Trace of Thought Is Found in Vegetative Patient - myšlenky pacientů ve vegetativním stadiu
by: Marketa L.
Trace of Thought Is Found in ‘Vegetative ‘ Patient
I am going to talk about a communicating with a patient in a vegetative state.
Vegetative patient is a mute and immobile person whose eyes are opened.
I am very interested in a human body exactly how everything works inside. And I thing a brain is the most interesting. Scientist still don’t know everything about brain functions. The brain is far more complicated then the best computer. The brain contents 30 milliards of nervous cells.
Last week, The New England Journal of Medicine reports on a fascinating study involving a car accident victim who remains in a persistent vegetative state for five years. He is 29 years old. Using magnetic resonance imaging technology, doctors have been able to communicate with him. To open a channel of communication, they instructed the young man to think of tennis what means an answer “yes” and thoughts about being in his house with “no”. The scan showed brain activations in different parts of brain and doctors could see the answers “yes” or “no”. First they tested the technique with healthy volunteers. Then they asked the patient easy basic questions, like; ‘Do you have any brothers?’, ‘Is your father’s name Thomas?’ and ’Have you ever been to the United States?’. Then they checked whether the answers were correct and they were. They repeated the questions several times – to make sure the patient was in fact making conscious choices.
Speaking personally it is really a huge break – trough in the communication with these patients and it is very helpful for them. Now doctors might be able to ask immobilized patient, for example, if he is feeling pain and trough a series of yes or no questions, where.
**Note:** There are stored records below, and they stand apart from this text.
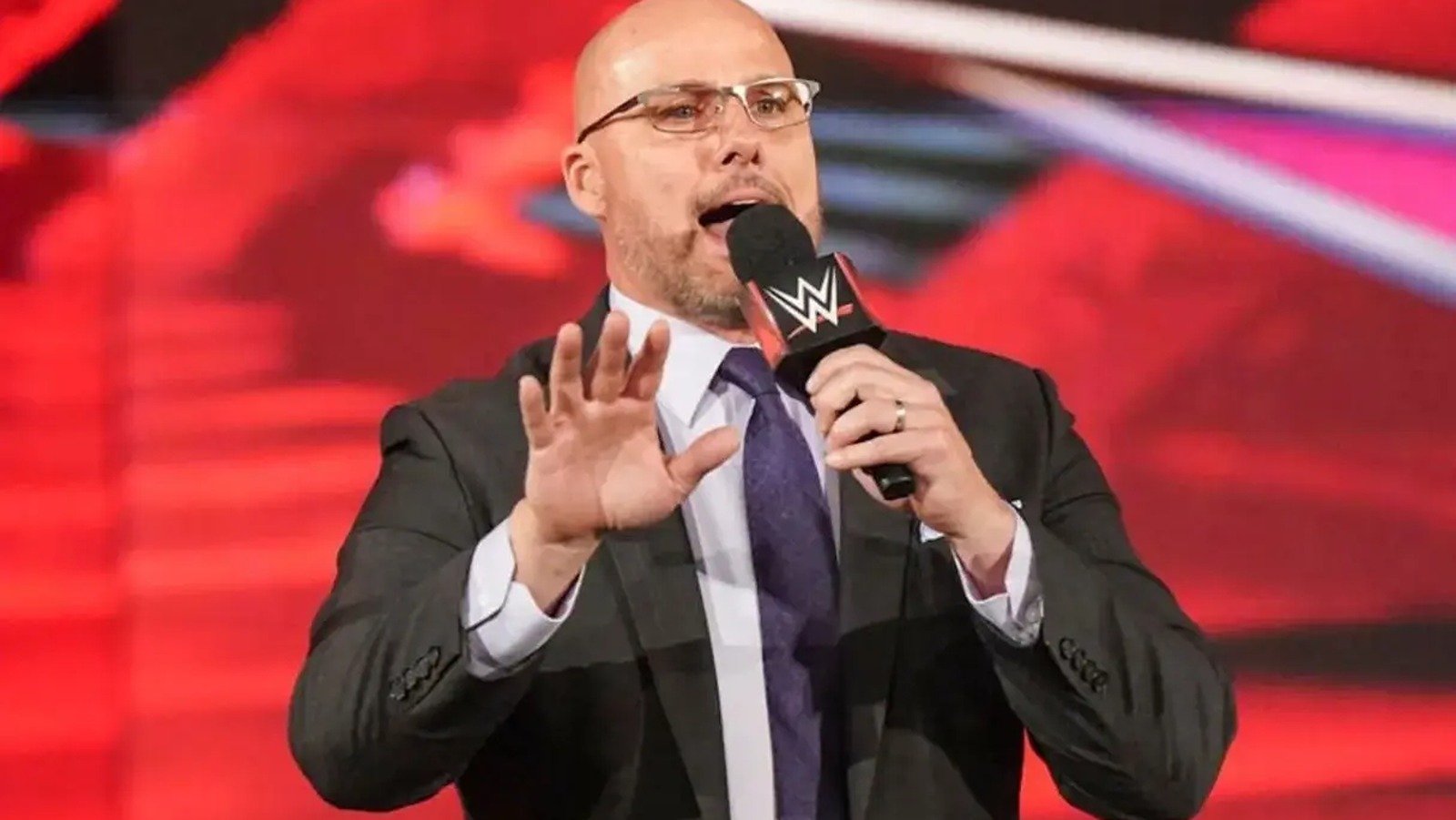 GM Adam Pearce introduces brand new title prior to Raw; reveals what it looks like and what it’s called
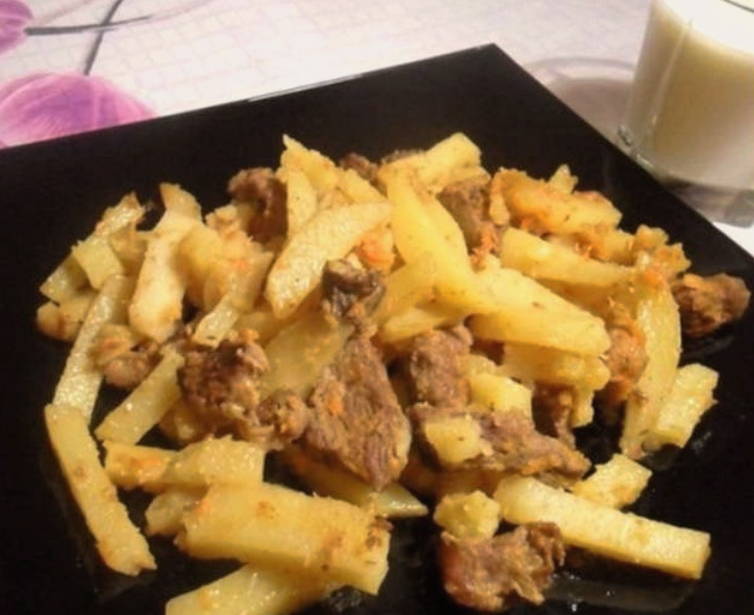 Мясо с картошкой в мультиварке Редмонд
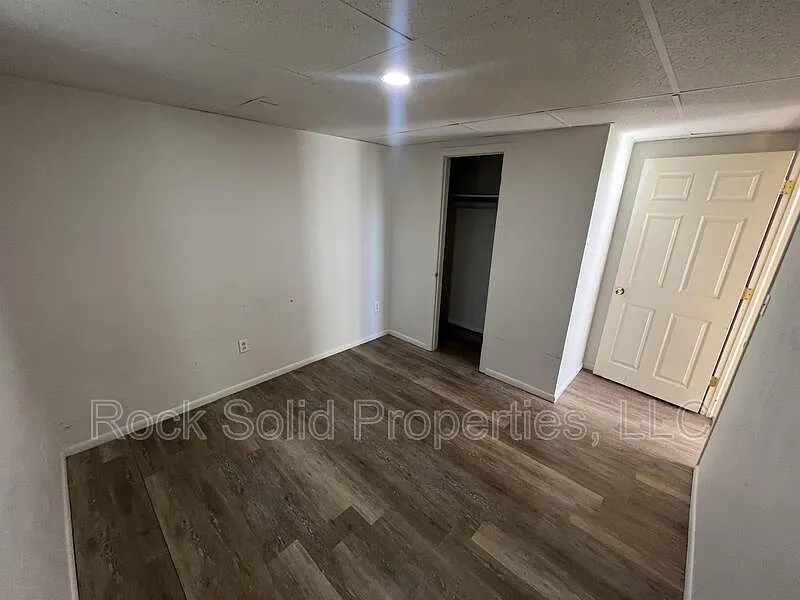 2 bed, 1.0 bath, 790 sqft, $895 — Photo 4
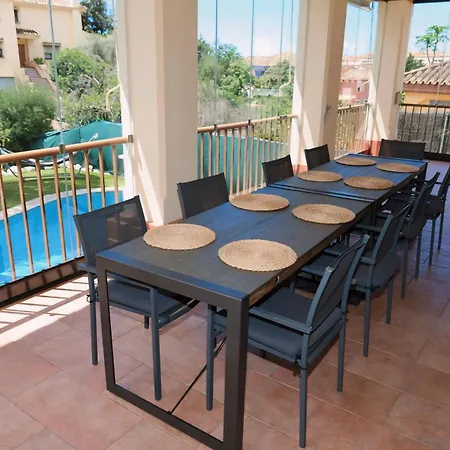 Precioso - Piscina- Garaje Privado- Jardin Holiday home *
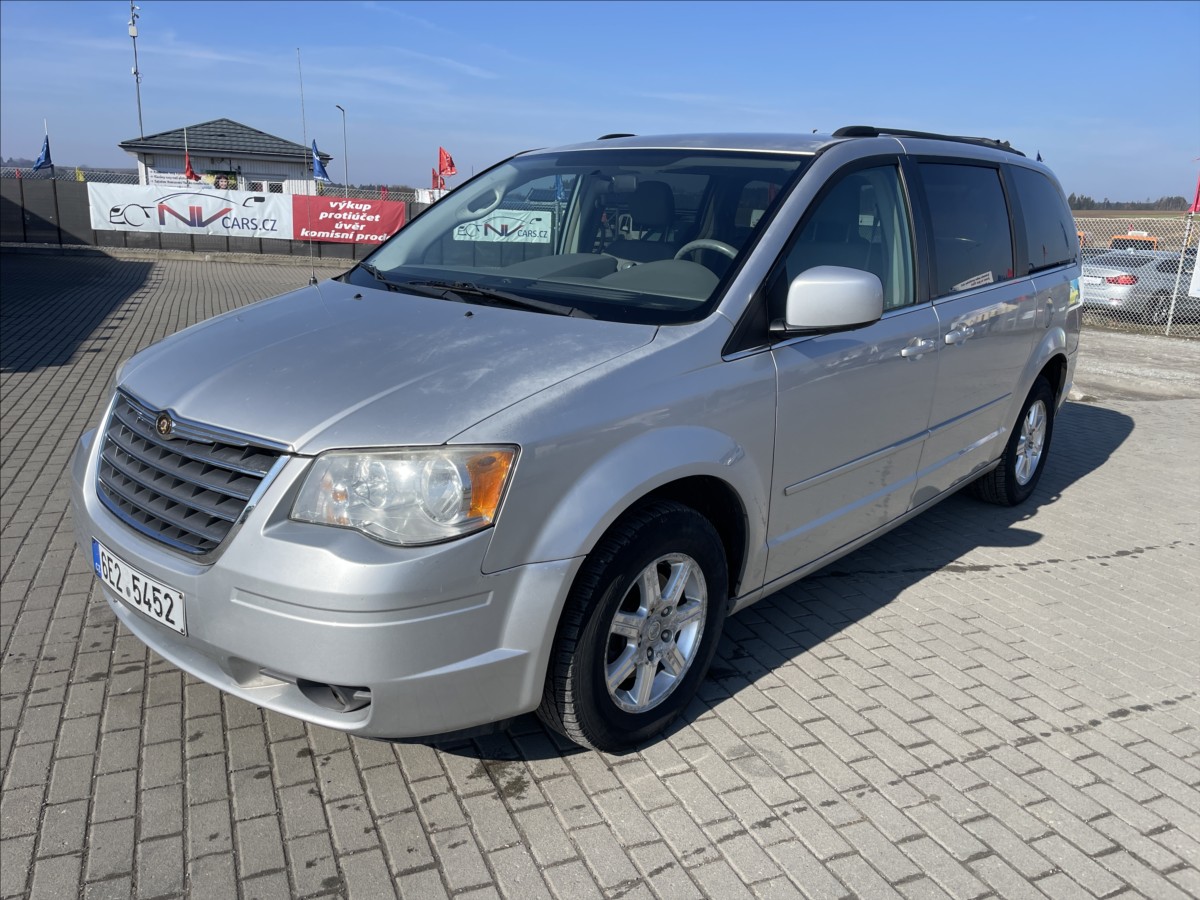 Chrysler Town & Country 3,8 i V6 RT LPG Automat 7míst Tažné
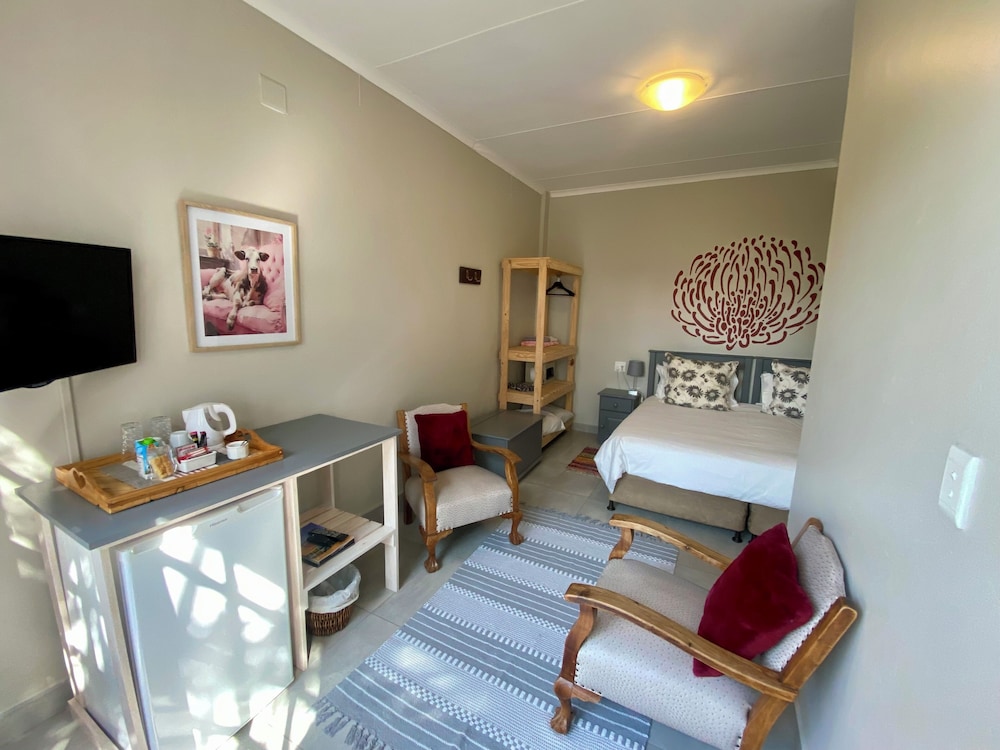 Sunbird Rooms photo 1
Unfortunately not every vegetative patient is able to communicate.
But on the other side some doctors challenge; ‘What happened if you ask a patient whether he or she wants to live or die and the answer is die?’, ‘We know they are responding but they may not understand the question. Their answer might be ‘Yes, but’ – and we haven’t given them the opportunity to say the ‘but’.
I believe that this technique will help to vegetative patients and will make them happier in their lives. Or the patients just will be able to decide that they want to take off life support and to die. Till this time a relative or the doctor could make this decision.